In this age of artificial intelligence, when they are making robots as intelligent as a human being, there are some human beings training themselves to be as emotionless as a robot. For their own “good”. As a means to protect themselves from, let’s say, emotional hazards. You are reading one of them. Yours truly has been eating, sleeping and working on autopilot for quite a while now. And the autopilot life, is here to stay.
It doesn’t really suck to live on autopilot if you accept that this is your destiny. It comes from the thought that, Chalo, everything is over, you have to “exist”, so you find a way to fulfill obligations to work and family even though your heart may no longer be into anything you do. You kind of stop caring for yourself. That’s the autopilot way of life.
Say you are at work. You stare at a blank Word doc on your computer’s screen, but you are not really looking at the blinking cursor. You are looking at the past. All the mistakes – mistakes that a backspace cannot erase.

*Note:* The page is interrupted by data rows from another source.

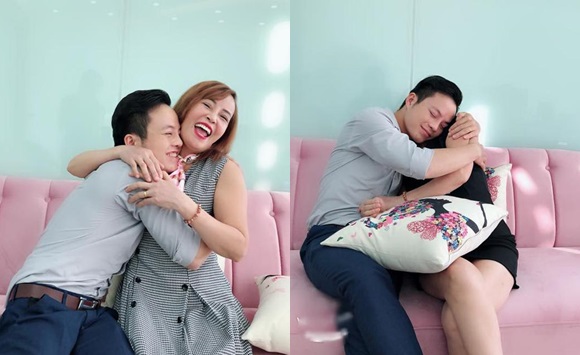 Đôi vợ chồng thoải mái thể hiện cảm xúc bên nhau.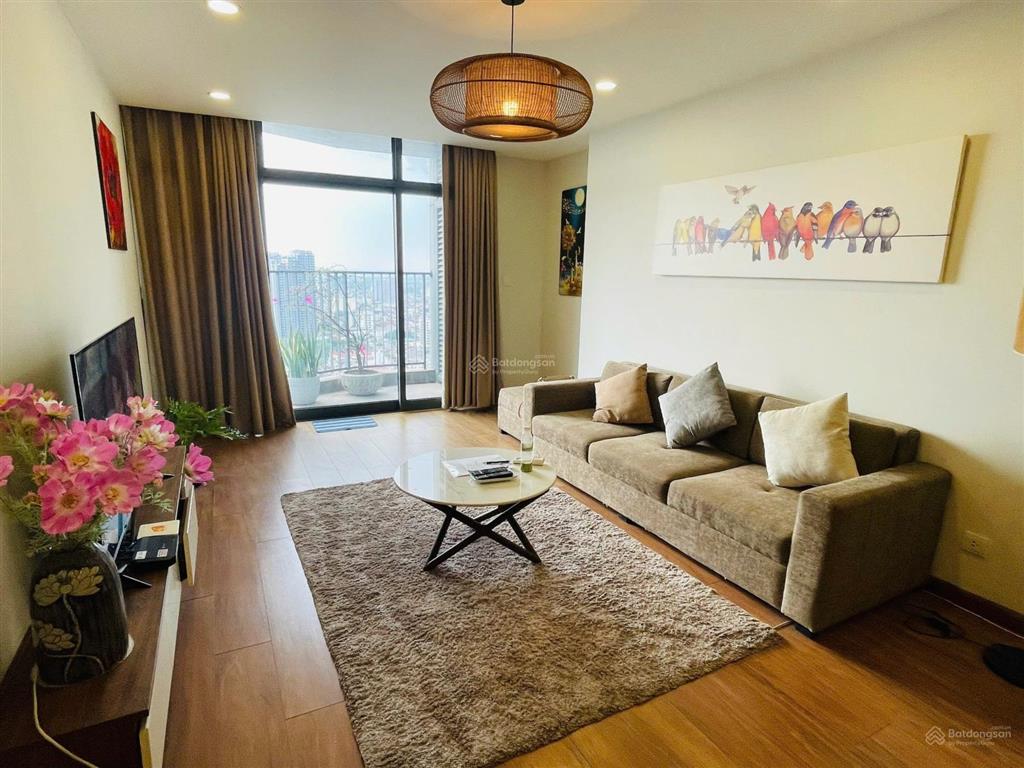 Chị hường cho thuê cc discovery complex, 103m2, 2pn full, rõ ràng nhà y như hình.  0334 438 ***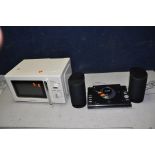 A COOKOLOGY MICROWAVE, and a Polaroid hi fi with two speakers (both PAT pass and working) (2)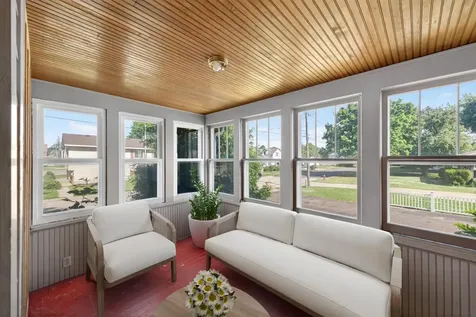 807 Washington Avenue Wabasha MN 55981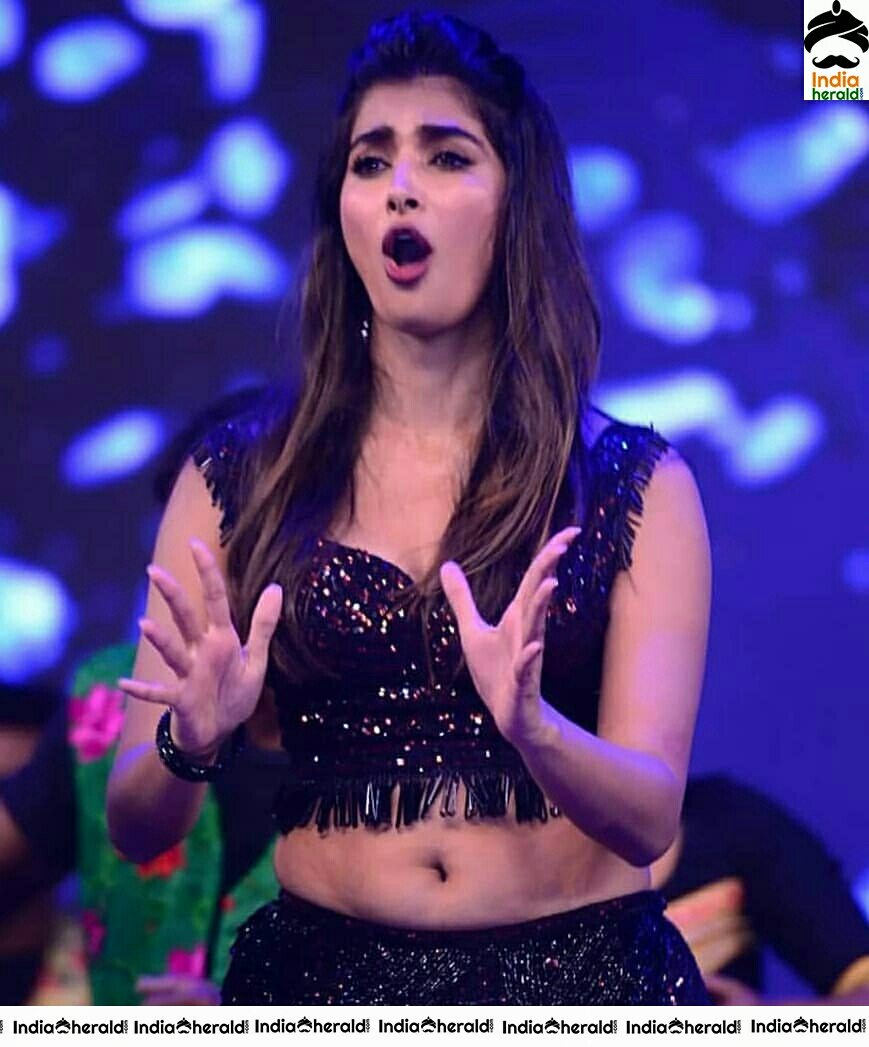 Pooja Hegde Shows Her Hot Sexy Cleavage And Navel In Dance Show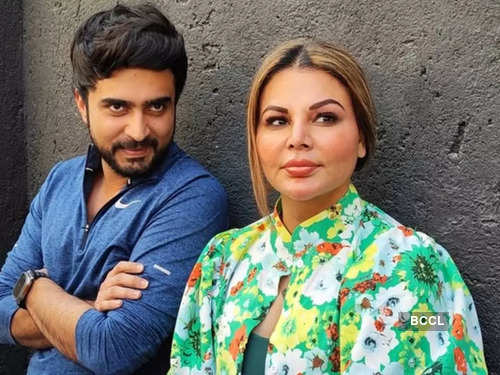 Exclusive - Adil Khan Durrani reacts to Rakhi Sawant's allegations; says 'I  don't even take her seriously, she's a dhokebaaz, imposter, who has looted  and conned me'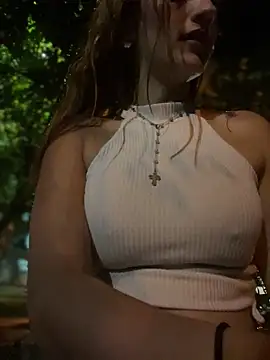 Samantha bigboobs online show from March 2025 01:00:02 AM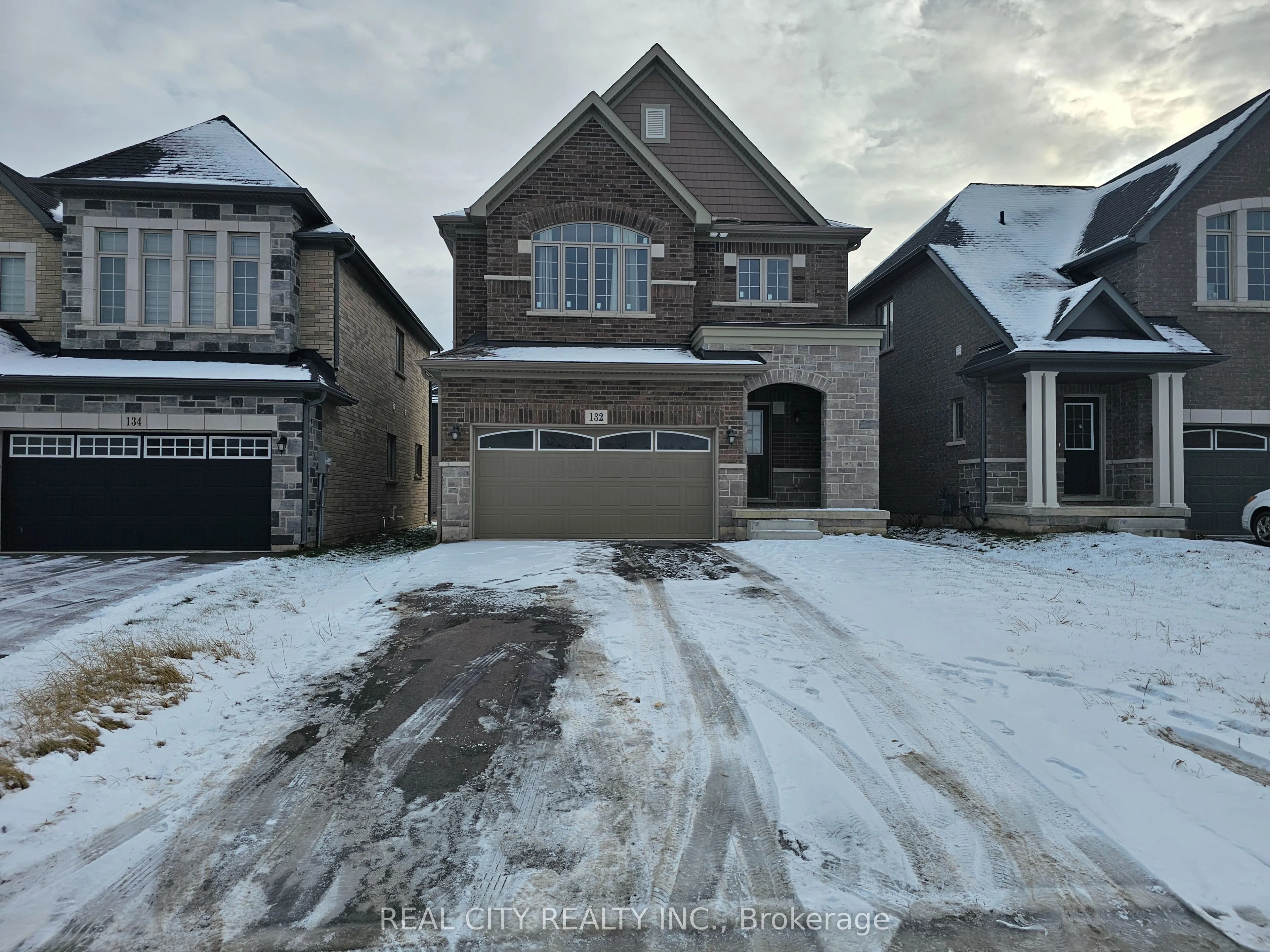 132 Sunset Way, Thorold, ON L0S 1A0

You curse yourself for how easily you let things mess with your head. The challenge is to fight these thoughts and the temptation to let your bitterness devour you. It’s tough to fight the urge to let yourself waste away. You hear inspiration speeches left, right and center. But some struggles are hard to explain, they can only be felt. So those peace less nights before falling asleep is a challenge, continue to this day.
When you are on autopilot, you cannot afford to sit idle. It is important to keep yourself occupied – my work has been a blessing in disguise. It’s also good to surround yourself with people, but don’t depend on them. Dependence leads to attachment which in turn leads to expectations and finally disappointment. So quit depending on someone for your happiness.
You wonder if it’s possible for a person’s life to end before it began. Can life end before you turn 24? Sounds absurd, dramatic. But possible. Like you grow old, lead a life filled with no peace, living in the past and finally die unhappy. This is one of those nights when I think a similar fate probably awaits. You never know. Or maybe not. There may be a slight chance that things may be okay again miraculously, but you dare not hope. Yeah, that’s the rule. No hoping.
But this is a constant debate for which there’s no answer.
And then you wake up to another day of autopilot – and the realization that you have lost yourself and may never be found again.